Aim of the task:
Only one stretch of the data below is wanted: the lines from the one with "Olympus Trip 35" through the one with "Bonmarché Womens Blue", repeated exactly.

Data to process:

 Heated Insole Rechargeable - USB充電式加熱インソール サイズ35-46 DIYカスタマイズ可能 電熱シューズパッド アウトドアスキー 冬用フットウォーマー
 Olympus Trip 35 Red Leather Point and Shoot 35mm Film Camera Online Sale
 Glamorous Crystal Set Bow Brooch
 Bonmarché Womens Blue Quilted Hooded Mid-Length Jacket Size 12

* * *

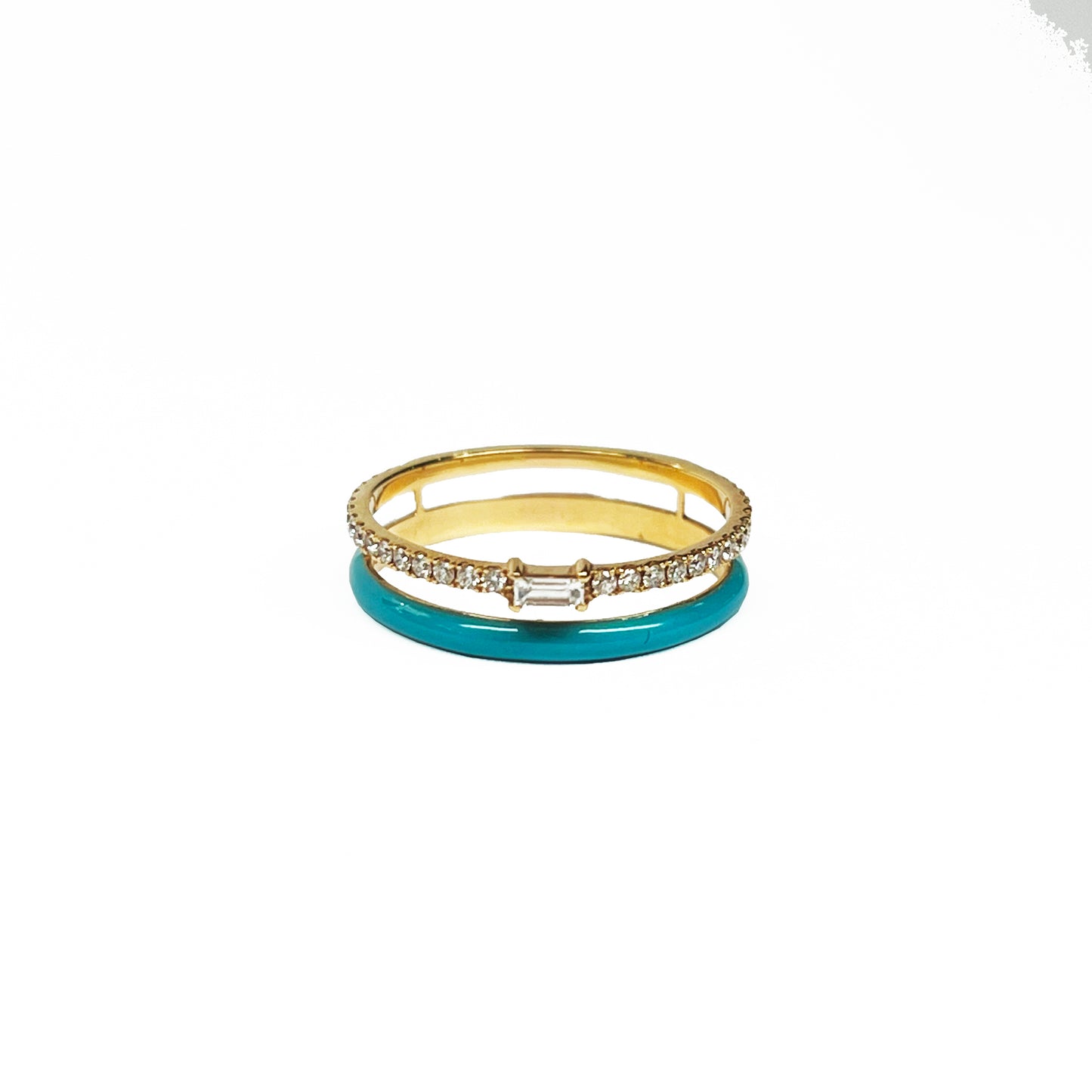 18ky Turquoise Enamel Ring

Answer to this exercise:
 Olympus Trip 35 Red Leather Point and Shoot 35mm Film Camera Online Sale
 Glamorous Crystal Set Bow Brooch
 Bonmarché Womens Blue Quilted Hooded Mid-Length Jacket Size 12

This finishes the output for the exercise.